劇団、本谷有希子(アウェー)「密室彼女」

劇団、本谷有希子
2006.5.3.〜5.9. 下北沢ザ・スズナリ
企画:乙一×本谷有希子 
出演:加藤啓(拙者ムニエル吉本菜穂子 杉山彦々
結局どこらへんが密室だったのかというとそれは貴女の心です、といった感じの、鳥肌が立つくらいベタベタなレンアイ劇。そこに設定の不気味さと細切れにされて順番に提示される真実が加わって、観ている人間をたまらなく不安にさせます。なにが起こっているのかだんだんわかっていくという過程がなにより怖い。

怖いんだけどのめりこめない。吉本菜穂子さん演じるヒロインが周囲の人間との相互不理解を語って「何も言いたいことが無いんだったら黙っていればいいのに」みたいな台詞を口にしていて、背中の辺りが痒くなりました。

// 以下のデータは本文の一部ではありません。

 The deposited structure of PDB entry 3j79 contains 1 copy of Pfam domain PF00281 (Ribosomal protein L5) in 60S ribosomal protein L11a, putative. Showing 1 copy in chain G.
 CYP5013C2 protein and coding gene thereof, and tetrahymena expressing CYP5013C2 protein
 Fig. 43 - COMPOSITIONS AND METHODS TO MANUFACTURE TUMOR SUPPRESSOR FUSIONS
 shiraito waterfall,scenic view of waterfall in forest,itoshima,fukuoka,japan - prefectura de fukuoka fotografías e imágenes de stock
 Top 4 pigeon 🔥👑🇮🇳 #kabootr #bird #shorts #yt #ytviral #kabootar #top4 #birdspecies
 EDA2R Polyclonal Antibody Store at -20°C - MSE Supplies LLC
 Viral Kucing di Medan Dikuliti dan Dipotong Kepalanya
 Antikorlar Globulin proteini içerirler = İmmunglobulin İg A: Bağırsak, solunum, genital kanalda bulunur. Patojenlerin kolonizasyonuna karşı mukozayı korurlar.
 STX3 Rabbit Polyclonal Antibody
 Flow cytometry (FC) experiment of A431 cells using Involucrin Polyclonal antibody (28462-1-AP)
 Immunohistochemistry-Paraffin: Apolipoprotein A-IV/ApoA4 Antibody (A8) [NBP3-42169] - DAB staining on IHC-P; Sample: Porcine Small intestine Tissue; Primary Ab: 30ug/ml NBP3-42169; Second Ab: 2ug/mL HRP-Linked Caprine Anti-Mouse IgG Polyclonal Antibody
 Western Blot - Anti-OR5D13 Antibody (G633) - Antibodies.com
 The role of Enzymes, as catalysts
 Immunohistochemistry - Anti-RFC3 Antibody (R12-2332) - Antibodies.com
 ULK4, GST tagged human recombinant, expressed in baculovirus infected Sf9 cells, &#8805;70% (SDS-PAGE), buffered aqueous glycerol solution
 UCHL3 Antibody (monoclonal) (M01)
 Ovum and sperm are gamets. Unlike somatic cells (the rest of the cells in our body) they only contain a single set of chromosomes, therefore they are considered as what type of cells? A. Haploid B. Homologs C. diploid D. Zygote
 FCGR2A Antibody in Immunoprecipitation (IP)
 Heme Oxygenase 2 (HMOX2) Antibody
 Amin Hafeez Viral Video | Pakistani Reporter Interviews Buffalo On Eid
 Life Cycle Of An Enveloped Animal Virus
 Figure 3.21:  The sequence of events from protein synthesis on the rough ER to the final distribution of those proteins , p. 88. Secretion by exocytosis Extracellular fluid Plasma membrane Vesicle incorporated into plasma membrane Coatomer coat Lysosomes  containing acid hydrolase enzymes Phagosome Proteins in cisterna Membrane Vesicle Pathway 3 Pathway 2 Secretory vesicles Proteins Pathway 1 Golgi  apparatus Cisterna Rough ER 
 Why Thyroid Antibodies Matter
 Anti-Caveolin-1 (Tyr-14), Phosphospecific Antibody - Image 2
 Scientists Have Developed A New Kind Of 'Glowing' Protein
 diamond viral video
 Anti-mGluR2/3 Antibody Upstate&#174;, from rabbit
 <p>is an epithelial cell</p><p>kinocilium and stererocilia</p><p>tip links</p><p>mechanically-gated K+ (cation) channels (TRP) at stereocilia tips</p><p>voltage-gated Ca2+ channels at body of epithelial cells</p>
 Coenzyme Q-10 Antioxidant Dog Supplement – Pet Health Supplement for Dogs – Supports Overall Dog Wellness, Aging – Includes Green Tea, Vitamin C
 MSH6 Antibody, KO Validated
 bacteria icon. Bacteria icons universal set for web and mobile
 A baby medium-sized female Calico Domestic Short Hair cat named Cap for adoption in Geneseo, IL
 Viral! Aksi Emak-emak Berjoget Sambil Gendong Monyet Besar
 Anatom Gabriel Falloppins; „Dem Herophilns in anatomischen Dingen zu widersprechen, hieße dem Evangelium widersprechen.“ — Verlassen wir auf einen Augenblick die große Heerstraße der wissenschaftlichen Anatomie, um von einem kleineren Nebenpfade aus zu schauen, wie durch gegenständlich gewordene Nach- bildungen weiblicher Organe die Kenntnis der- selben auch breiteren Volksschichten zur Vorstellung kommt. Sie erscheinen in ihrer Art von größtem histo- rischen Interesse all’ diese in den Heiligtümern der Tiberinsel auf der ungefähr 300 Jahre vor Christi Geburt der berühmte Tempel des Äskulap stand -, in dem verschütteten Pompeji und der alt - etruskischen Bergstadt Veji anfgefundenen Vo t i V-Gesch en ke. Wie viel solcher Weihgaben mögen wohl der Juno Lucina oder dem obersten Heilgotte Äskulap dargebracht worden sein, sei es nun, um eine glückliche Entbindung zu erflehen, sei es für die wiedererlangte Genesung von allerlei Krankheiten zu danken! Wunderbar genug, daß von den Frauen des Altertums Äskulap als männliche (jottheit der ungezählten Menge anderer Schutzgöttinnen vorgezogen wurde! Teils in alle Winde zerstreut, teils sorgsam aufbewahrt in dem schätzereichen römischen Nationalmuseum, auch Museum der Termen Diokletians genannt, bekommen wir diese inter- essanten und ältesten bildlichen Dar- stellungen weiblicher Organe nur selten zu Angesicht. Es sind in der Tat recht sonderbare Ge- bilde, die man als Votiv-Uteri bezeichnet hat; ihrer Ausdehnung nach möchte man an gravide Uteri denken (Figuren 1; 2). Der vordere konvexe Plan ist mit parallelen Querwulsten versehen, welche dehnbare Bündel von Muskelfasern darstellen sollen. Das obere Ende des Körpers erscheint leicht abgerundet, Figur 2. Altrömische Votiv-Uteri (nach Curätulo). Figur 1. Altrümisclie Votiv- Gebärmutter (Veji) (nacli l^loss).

この台詞が劇中から乙一っぽさを払拭して本谷有希子にしている、んじゃないでしょうか。こういう生臭くて安っぽい台詞は乙一作品には似合わない、とかそういうことよりも、こういう若さ炸裂な独白のシーンは個人的に聞いていて恥ずかしい。担当していたオールナイトニッポンもなにひとつ好きになれなかったし、本谷有希子とは根本的に相性が悪いのかもしれません。

ところで僕が見に行った9日の夜公演には乙一が来てました。劇場を出たすぐのところで関係者らしき女性としゃべっていましたが、あれが本谷有希子なのかどうかはよくわからなかったので無視して真っ直ぐ帰りました。おなかすいてたしね。